Interesting, I recently rewrote all my legacy waypoints code to stimulus-use with useIntersection! :thinking::sweat_smile:

What made you go with it? It was a very good library, but it’s really old and IIRC even predates the existence of intersection observer.

UseIntersection seems to be a barebones flip switch while waypoints lets me specify direction and offset for the trigger. That was the main factor for me - didn’t spend time on deeper analysis.

Depends on your definition of barebones, I think the helper functions provide a lot of added value.

But intersection observer is by design a performant and lightweight paradigm. Waypoints uses scroll listeners under the hood, which is not lightweight, and will kill performance if you’re not careful. (I think waypoints generally did a pretty decent job with performance tweaks.)

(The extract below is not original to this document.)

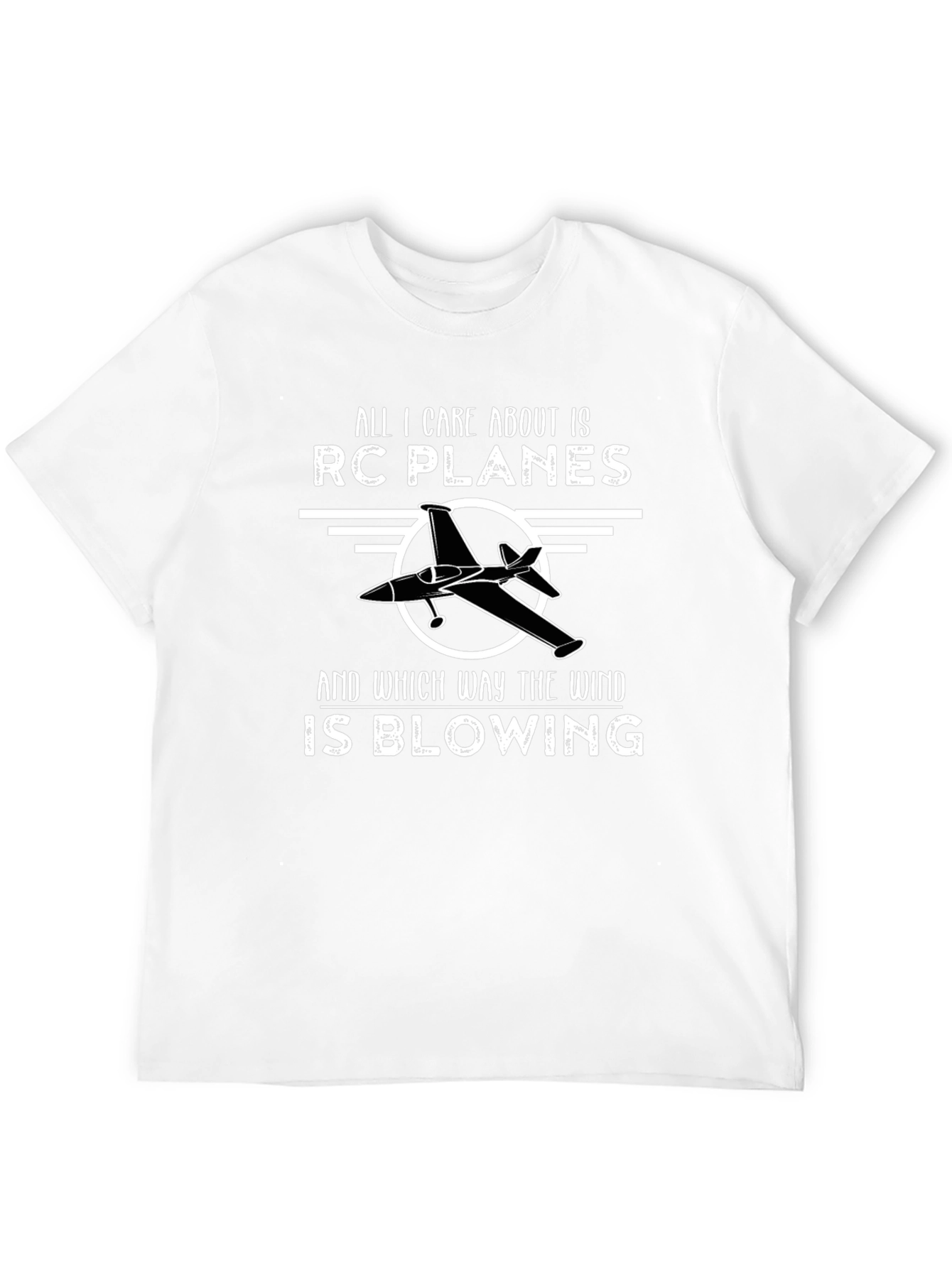 RC Planes T-Shirt - All I Care About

You can still use scroll listeners with Stimulus directly, I had one waypoint that was too specific for the lightweight approach, so I put a data-action=scroll@window->controller#method on the element itself (with useThrottle to not hammer the browser since we’re listening on every scroll). This is basically what waypoints is doing, only you write the logic yourself.

I don’t mean to say that you should write every line of javascript yourself, but you should know that waypoints is 8 years old, and a lot of the code in it was written with pre-intersection observer browsers in mind.